FreeR - Hybrid Free Monads for Reduced Quadratic Complexity/Observability & Map-Fusion Optimization in Scala

Draft FreeR code is on Github

Introduction

I’ve recently pushed some Free code & doc to the cool project cats and I had a few more ideas in my head on optimizing Free and never took time to make them concrete. I’ve just found this time during my holidays…

Free Monad is often used to represent embedded DSL in functional programming languages like Haskell or Scala. One generally represents his grammar with a simple Functor ADT representing the available operations. Then, from within your programming language, Free Monad provides the facilities to:

build in a monadic & stack-safe way a static program composed of a sequence of operations,
compile this program,
run it.

To know more about the way to use Free and some more specific theory, please refer to recent draft doc I’ve pushed on cats

The well-known classic representation in Scala is the following:

sealed abstract class Free[F[_], A]
case class Pure[F[_], A](a: A) extends Free[F, A]
case class Suspend[F[_], A](a: F[Free[F, A]]) extends Free[F, A]

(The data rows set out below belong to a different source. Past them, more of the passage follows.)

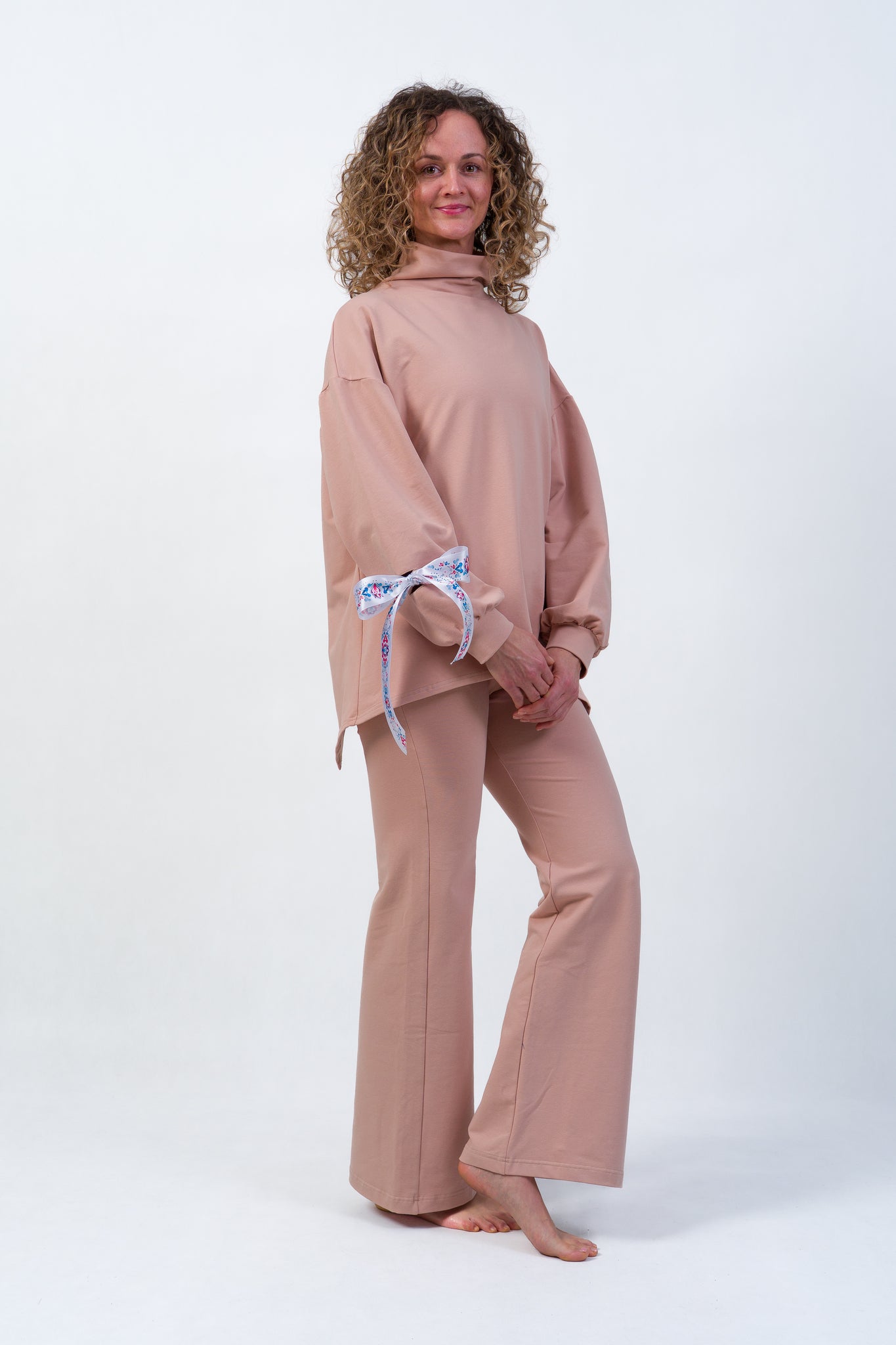 RIBBON STYLE Nude – dámska mikina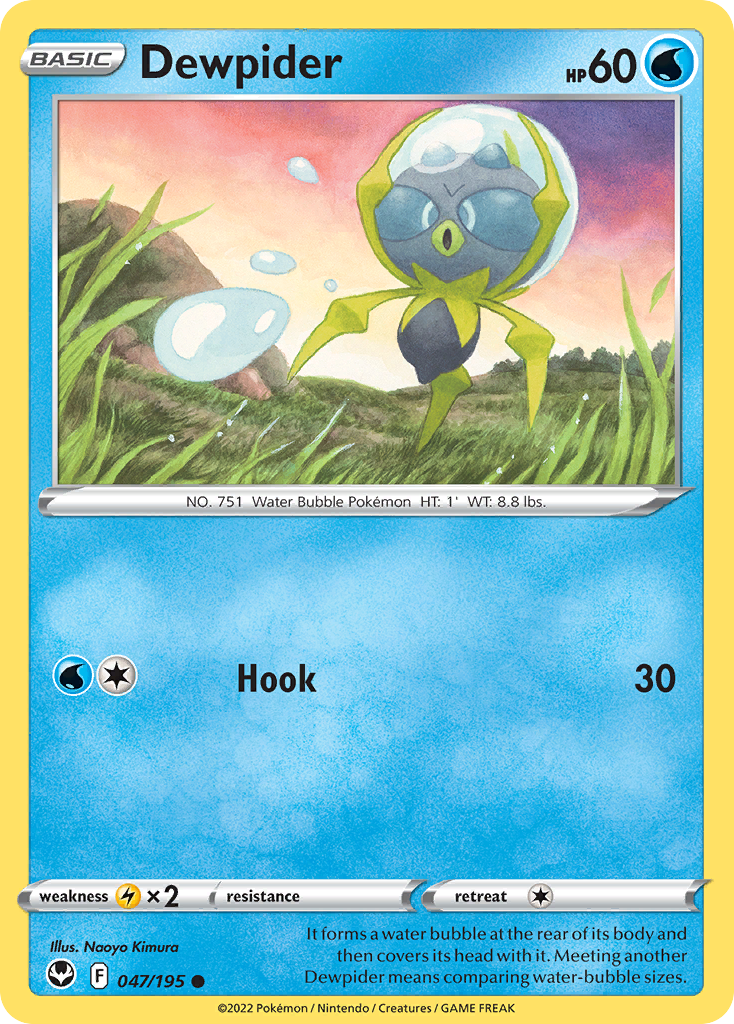 Dewpider — SWSH12: Silver Tempest #047/195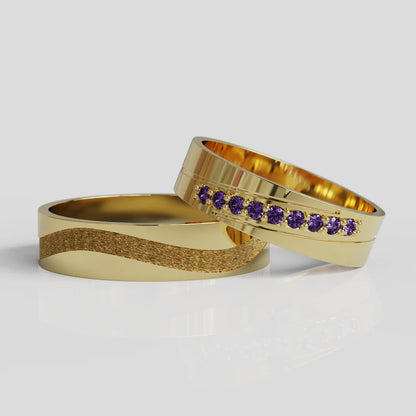Argollas de Matrimonio Amoruccio Oro 18k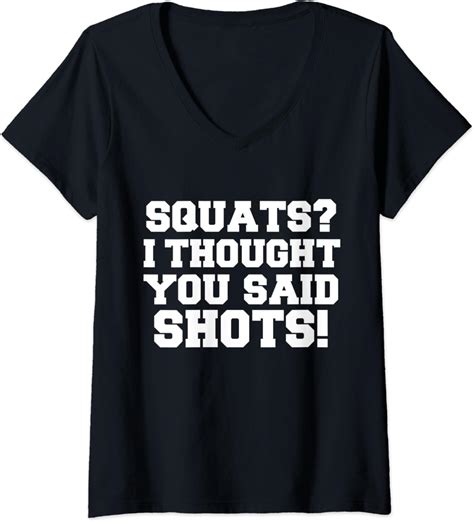 Amazon Womens Squats I Thought You Said Shots Funny Workout Drunk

Please note that F[_] should be a Functor to take advantage of Free construction.

Building a program can then just be a classic sequence of monadic bind/flatMap on Free[S[_], _]:

for {
  a <- doA(...)
  b <- doB(a, ...)
  c <- doC(c, ...)
} yield (c)

This actually constructs a recursive structure looking like:

Suspend(F(Suspend(F(Suspend(F(....(Pure(a))))))))

It can be seen as a left-associated sequence of operations and as any left-associated structure, appending an element to it has a quadratic complexity. So the more you flatMap, the longer (in n²) it will take to drill down the structure.

So if you try such code:

def gen[I](i: I): Trampoline[I] = Trampoline.suspend(Trampoline.done(i))

//(a flatMap (b flatMap (c flatMap (...))))
def lftBind[S[_]](n: Int)(gen: Int => S[Int])(implicit M: Monad[S]) = {
  (1 to n).foldLeft(gen(0)){ case (acc, i) => acc flatMap { a => gen(i) } }
}

You will see that it has a quadratic curve in terms of execution time when you increase n.

First weakness of classic Free is its left-associativity that induces a quadratic complexity when flatMapping

Solving left-associated quadratic complexity

To solve it, the immediate idea is to make Free right-associative instead of left associative (This idea was proposed by Kiselyov & al. in a paper and called Continuation-Passing-Style or also Codensity construction)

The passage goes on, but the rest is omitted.